Tuesday, August 23, 2011


This is a good blog entry from Bill Hicks about the continuing escalating costs of a college education.  He sources an article from an Indiana newspaper that actually isn't that bad in listing some of the causes, from reduced state funding to higher raises for administrators and professors.  It also gives some knockout statistics, specifically that in the past 22 years, while the Consumer Price Index has risen by 81.9 percent, college tuitions in the state of Indiana have spiked by at least 300 percent.  Mr.

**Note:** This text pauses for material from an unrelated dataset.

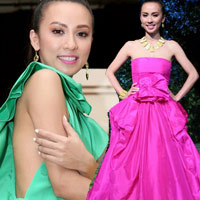 Bí quyết mặc đẹp - "Vợ hụt" Đan Trường ồn ào váy 120 triệu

Hicks then raises an important point that the newspaper excises, and that is the role of the student loan industry.  Since they are protected by the federal government, and students with debt typically can't file for bankruptcy, market forces that would push tuition prices down are disabled.

How people are still buying into the dream of a college education, 3 years after the financial collapse (and even before then, it was starting to look more than a little wobbly), I cannot comprehend.  I guess that dreams of a better life and a good job die hard, and can persist even in the face of significant events to the contrary.  From my own personal experience, a college education has provided diminishing returns over time.  I graduated with my B.A. in 2006, and started applying for jobs.  Even then, my phone wasn't ringing off the hook, but at least I was picking up interviews now and again.  After deciding I needed a more refined vision of what I wanted to do, I went back for a one year program in Paralegal Studies.  I got the certificate in 2009, and have not had one job interview in three years.  So, with a deeper resume and with an additional certification under my belt, I have seen far less action in terms of job offers or interest than I did with just a Bachelor's Degree in 2006/07. 

I think this culture of higher education has had many unintended consequences.  A real tragedy is that due to the gutting of our manufacturing industry, most high school graduates have little choice but to go to college, even if they are not cut out for it.  I would say that, based on my experiences in school, three-fourths of the students I went to school with should have been nowhere near the place.  And I'm not saying that to denigrate them or to question their intelligence.  Not everyone is cut out for taking tests and reading long, tedious textbooks.  But that's the hole many have been crammed into since good-paying factory jobs are no longer available. 

Student loan debt is now higher than credit card debt in this country; assuming that the general economy does not collapse first (and judging from the action on Wall Street and the grim news in the business pages, that is a mighty big "if"), I strongly believe that higher education will be the next bubble to burst.  I find it to be in a similar vein to real estate.  As a result of the gutting of our manufacturing industry, more & more people applied to colleges, and the budgets of these schools soared to accommodate them all.  With no market forces to impede them (thanks to loan programs backed by the protection of the federal government), prices soared out of control, and with no basis in economic reality, far outpacing inflation in other areas.